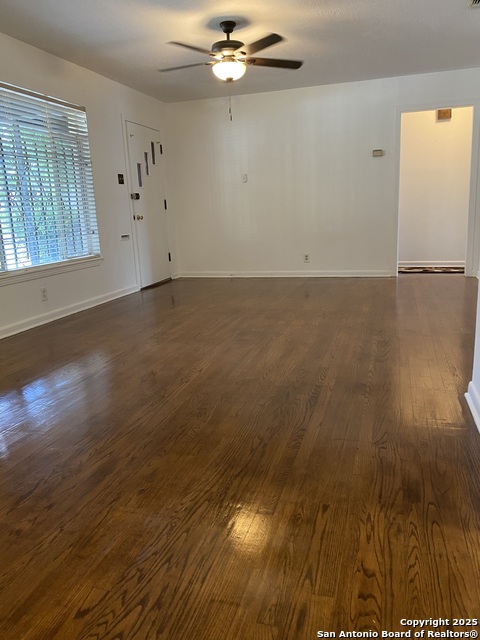 Image 3 of 4 For 350 Cosgrove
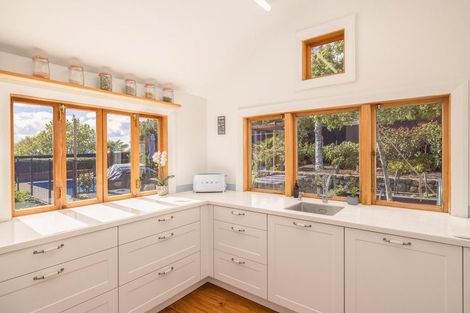 Photo of property in 69 Hackthorne Road, Cashmere, Christchurch, 8022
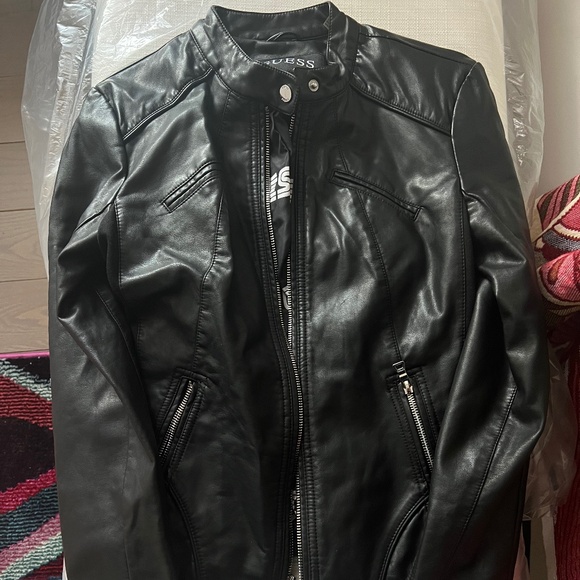 Guess Leather Jacket NWT Small (faux) - Picture 3 of 4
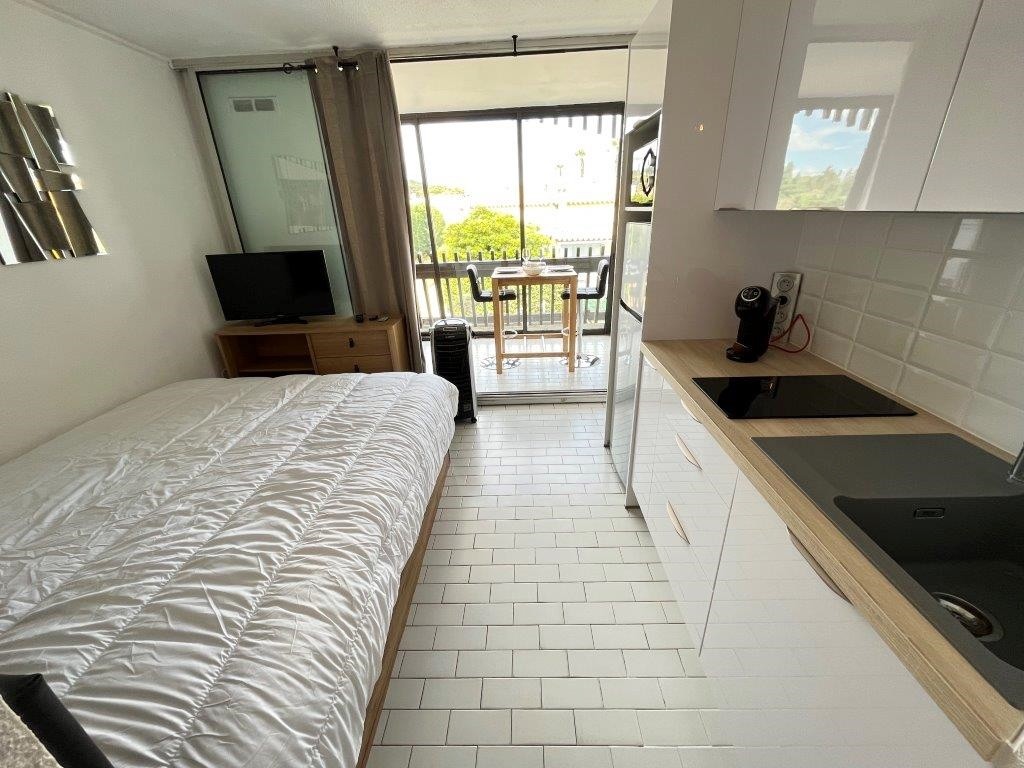 Studio standard village 121 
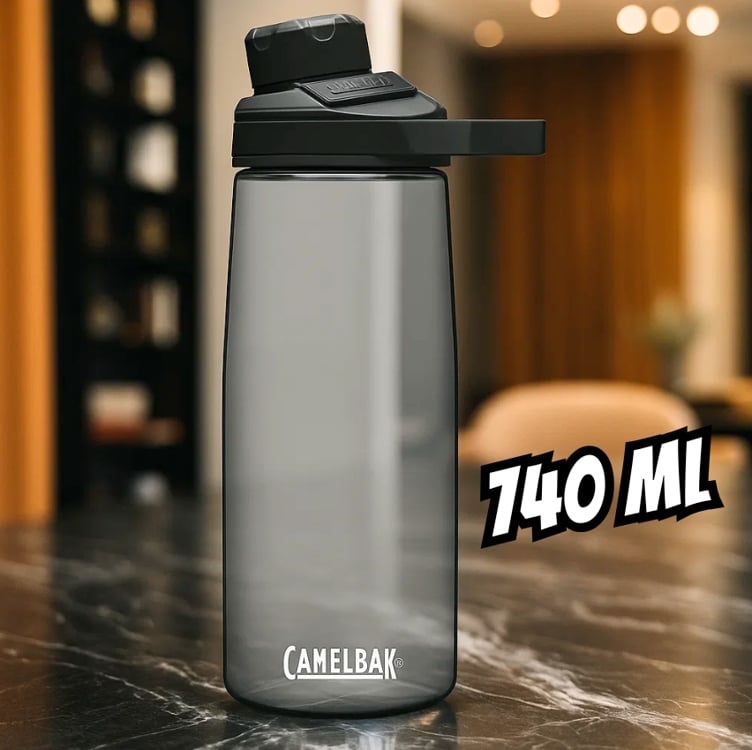 Garrafa CamelBak Chute Mag, com Tritan Renew, 740 ml, Charcoal Garrafa CamelBak Chute Mag, com Tritan Renew, 740 ml, Charcoal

════════════════

**Instructions to follow:** Retype all the entries exactly; drop the pictures.

**Exercise response:**
 Image 3 of 4 For 350 Cosgrove
 Photo of property in 69 Hackthorne Road, Cashmere, Christchurch, 8022
 Guess Leather Jacket NWT Small (faux) - Picture 3 of 4
 Studio standard village 121 
 Garrafa CamelBak Chute Mag, com Tritan Renew, 740 ml, Charcoal Garrafa CamelBak Chute Mag, com Tritan Renew, 740 ml, Charcoal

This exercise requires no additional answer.